Goodwood Festival of Speed 2024

グッドウッド・フェスティバル・オブ・スピード 2024

Text by 大谷 達也

イギリス・モータースポーツを代表する聖地

ヨーロッパの自動車文化と伝統を代表するイベントのひとつ、グッドウッド・フェスティバル・オブ・スピードに、F1初参戦から60年目を迎えた日本のHondaが招待された。

フェスティバル・オブ・スピードの初開催は1993年なので、それ自体が長い歴史を誇っているわけではないけれど、イベントを主催するのは英国貴族のリッチモンド公爵で、会場は公爵家に代々伝わる4452ヘクタール(およそ東京ドーム968個分)の広大な私有地と聞けば、おのずとその格式の高さが知れるだろう。
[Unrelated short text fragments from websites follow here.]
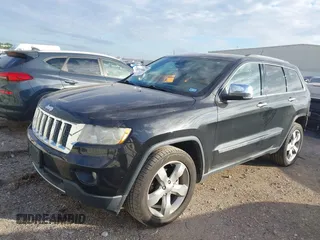 2013 Jeep Grand Cherokee Overland with VIN 1C4RJECT2DC546634, listed as a IAAI auction lot 41180807 with 111,897 mi miles. Bid and sale history available at carsss.com. Image 2.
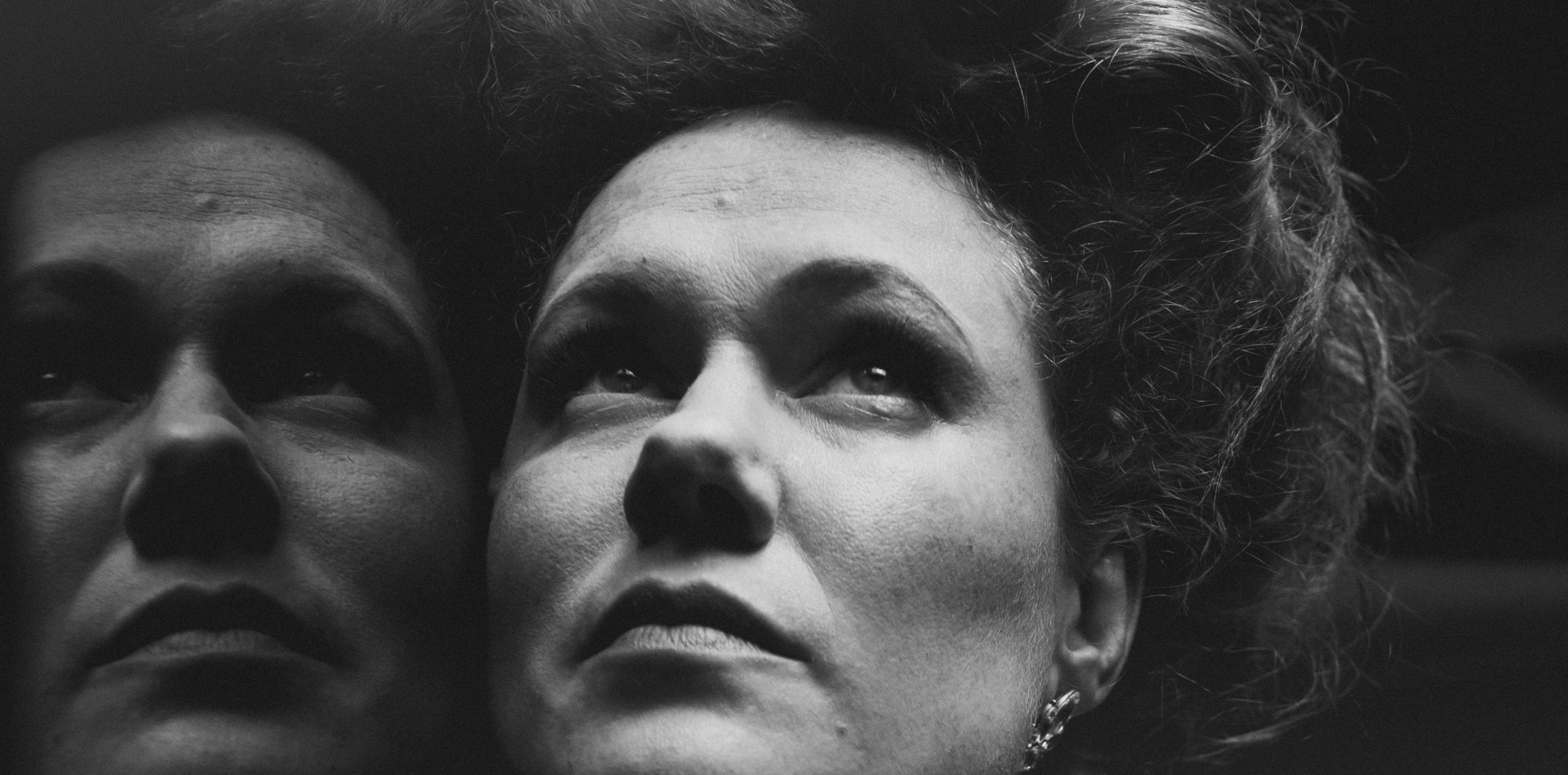 Black and White Close Up of a women's face with a reflection to the left. She has pale skin and freckles and her hair is in a 1910s style piled on top of her head. She is looking up with a pensive and somewhat serious look on her face.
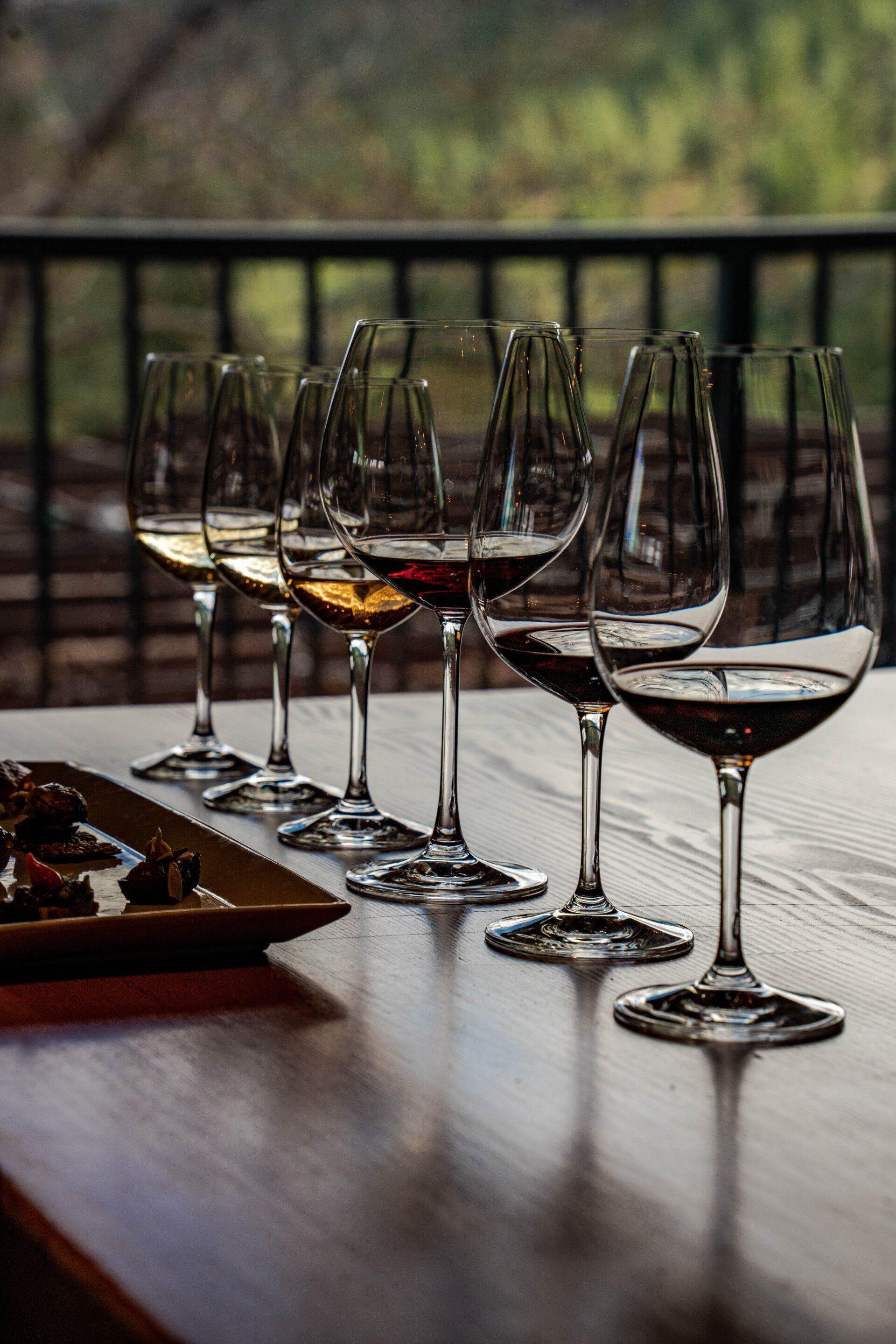 A row of wine glasses sitting on top of a wooden table.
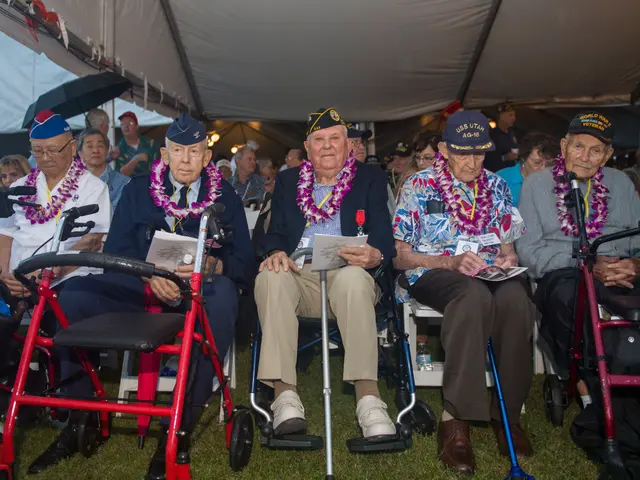 The image shows a group of veterans sitting in wheelchairs under a tent, wearing garlands and caps....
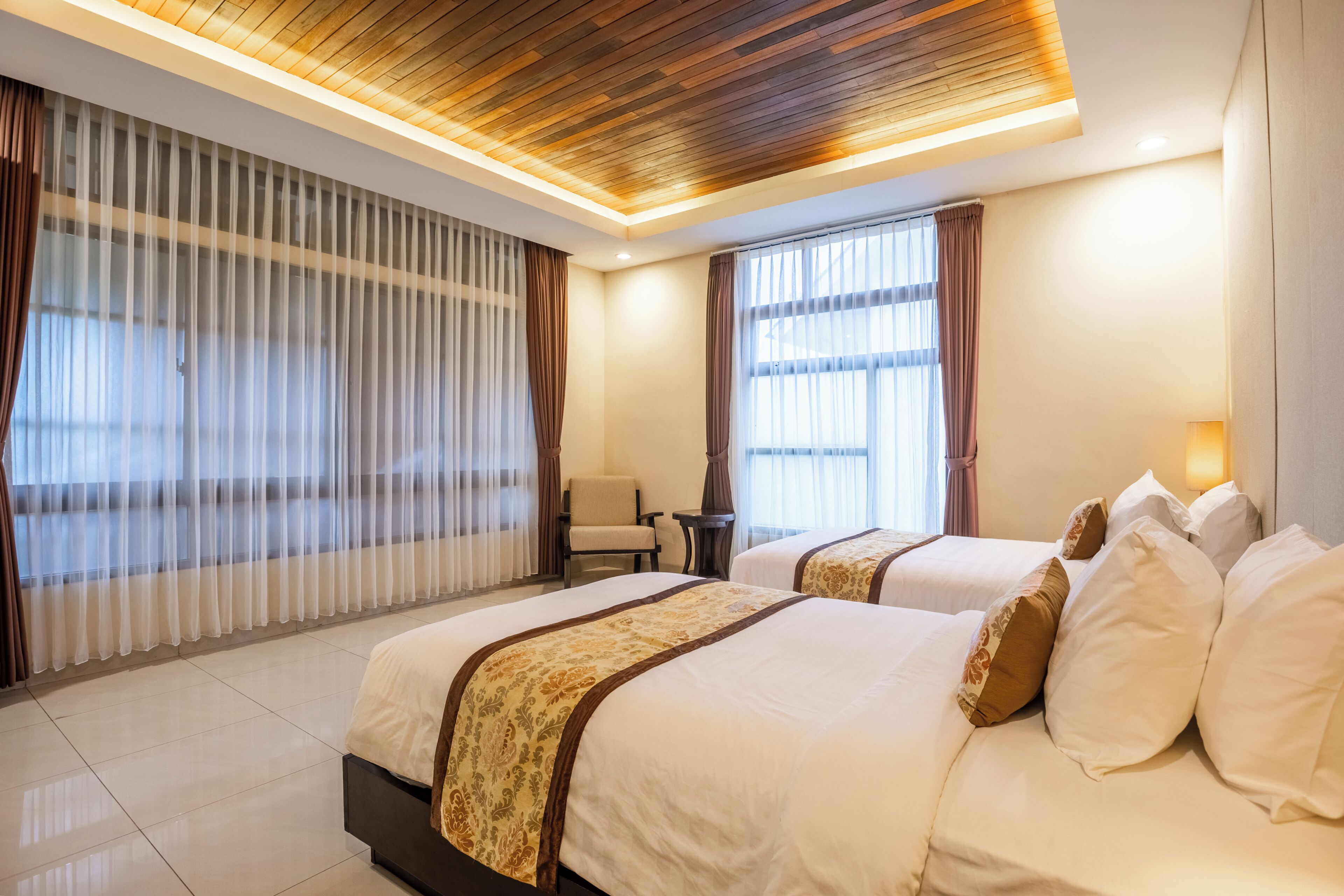 Une chambre d’hôtel avec deux lits, un bureau et une chaise.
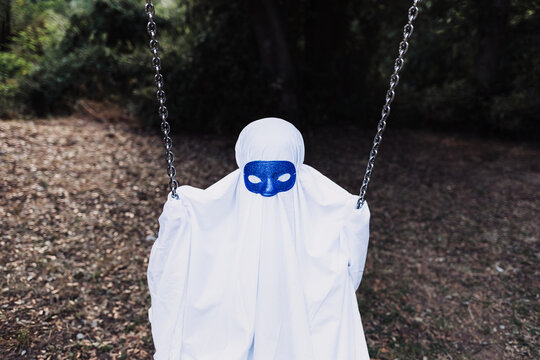Unrecognizable kid in white ghost costume swinging and playing on playground during Halloween holiday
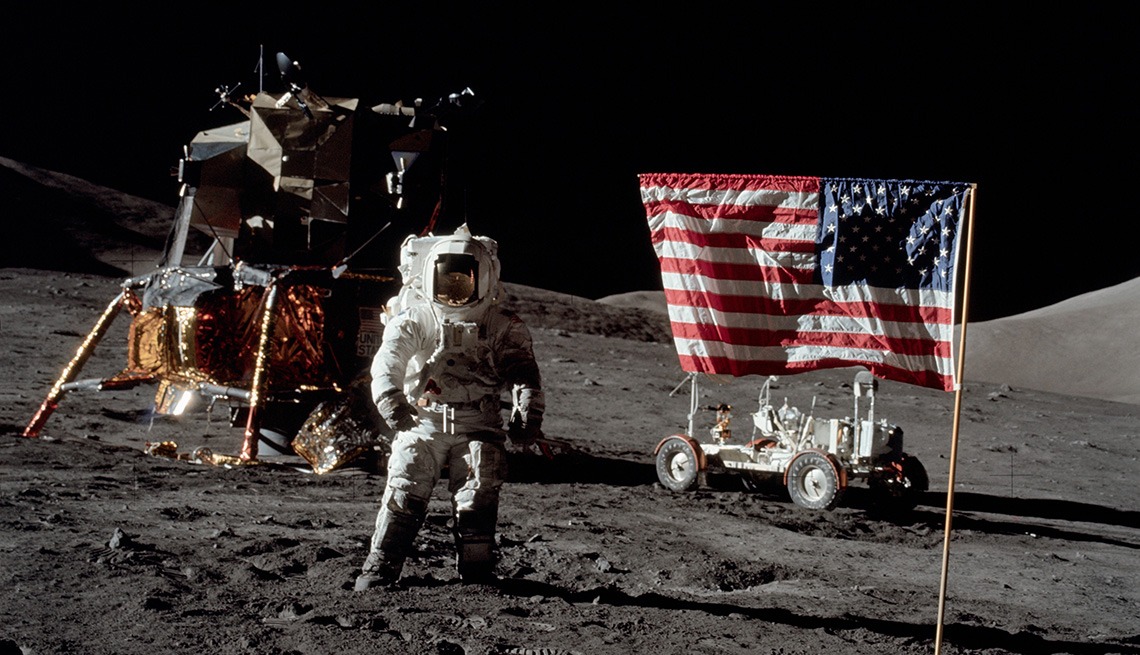 Se observa un astronauta junto a la bandera de Estados Unidos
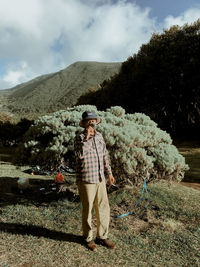 Man standing by tree against sky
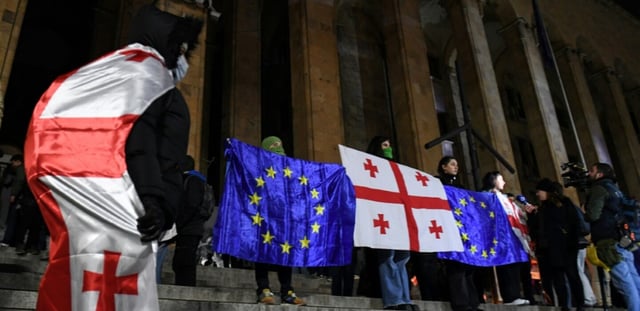 Des manifestants brandissent les drapeaux de la Géorgie et de l'Union européenne lors de la vague de contestation qui a suivi les élections législatives de 2024, le 5 décembre 2024 à Tbilissi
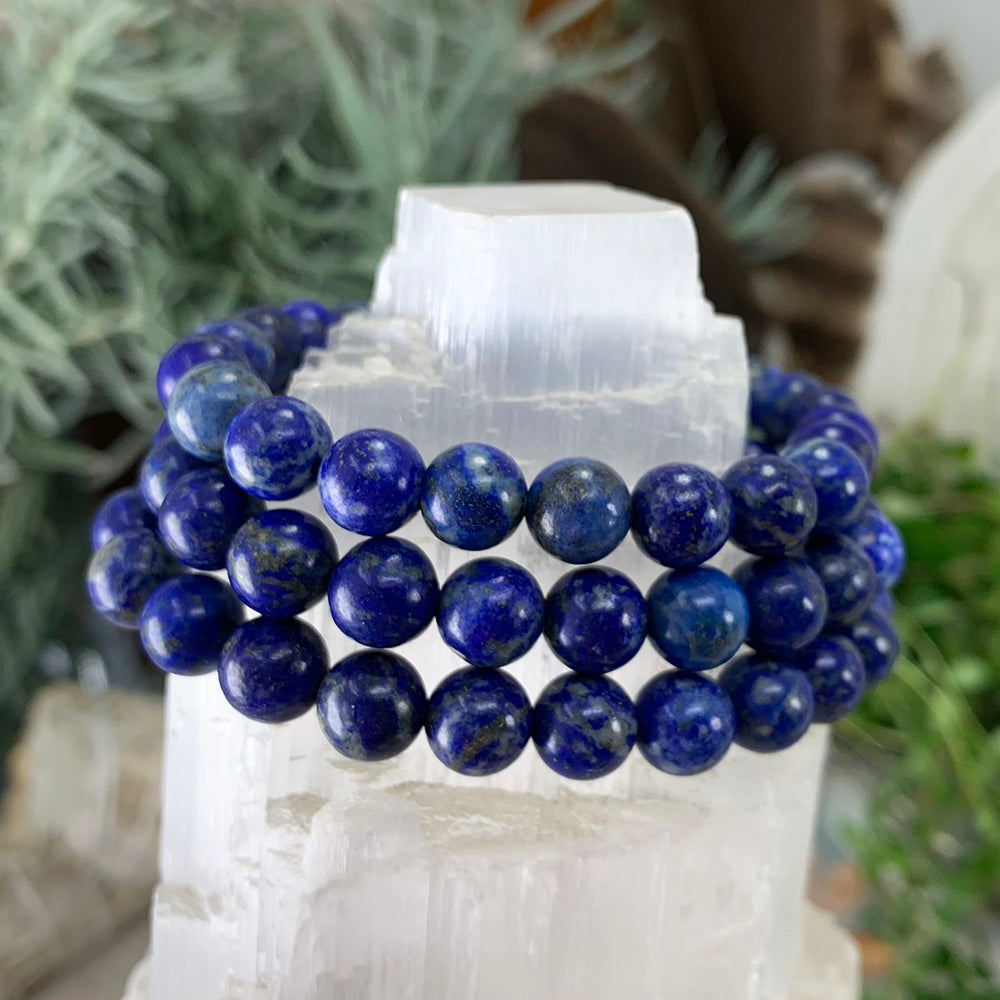 Three lapis lazuli bracelets stacked on a selenite tower, showing the variation from bead to bead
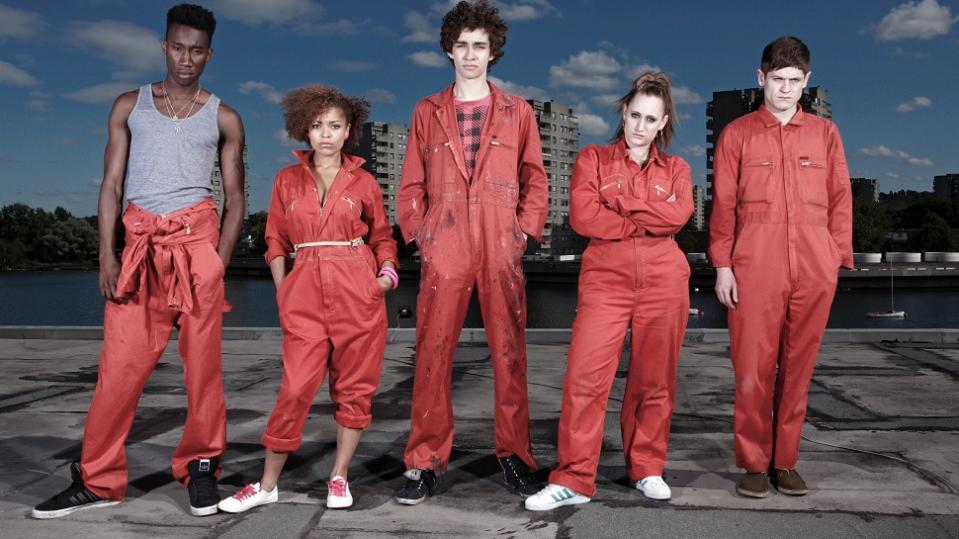 A promo image from the British TV series Misfits shows a group of teenagers wearing orange jumpsuits looking sassy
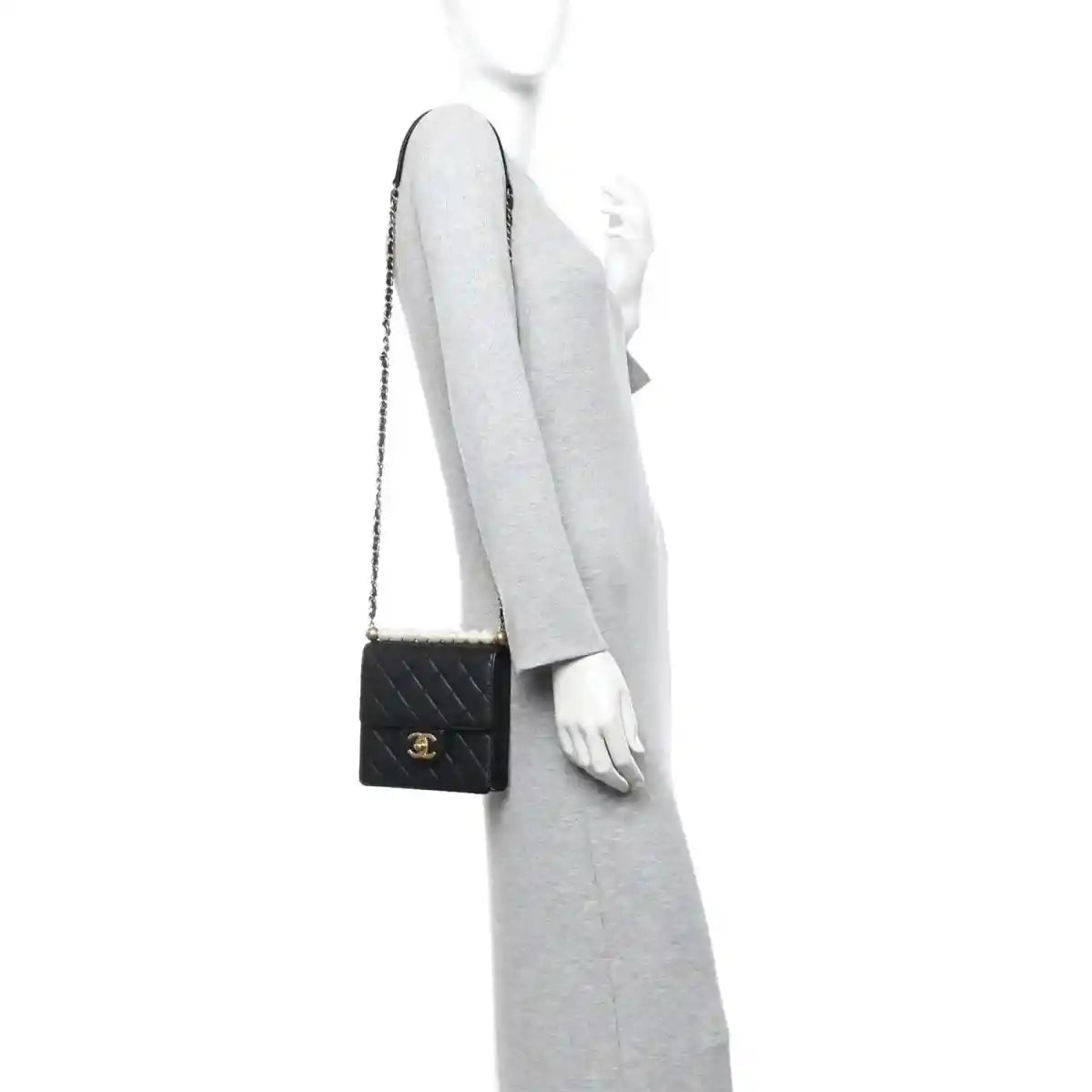 Chanel black quilted flap crossbody bag worn on a model with gold-tone chain strap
リッチモンド公爵家の私有地は、ただ広いだけでなく、その敷地内には公爵邸のほか、ホテル、競馬場、クリケット場、ゴルフコース、飛行場(旧英空軍基地)などが丘陵地に点在。夏ともなれば眩しいばかりに緑鮮やかな景色が目の前に広がる。

さらに興味深いことに、同じ敷地内にはヒルクライムコース(全長約1.9km)やモーターサーキットと呼ばれるレーシングコース(全長約3.8km)も設けられている。

これらは、現当主で第11代リッチモンド公爵チャールズ・ゴードン-レノックスの先々代にあたる第9代リットモンド公爵フレデリック・ゴードン-レノックスが建てたもの。20代の頃からアマチュア・ドライバーとしてレースを戦っていたフレデリック・ゴードン-レノックスは、友人から受けた「飛行場周辺の周回路をレーシングコースとして使ってはどうか?」とのアドバイスを聞き入れ、1948年にモーターサーキットをオープンしたとされる。なお、ヒルクライムコースの歴史はそれよりもさらに12年長いので、90年近い伝統を誇っていることになる。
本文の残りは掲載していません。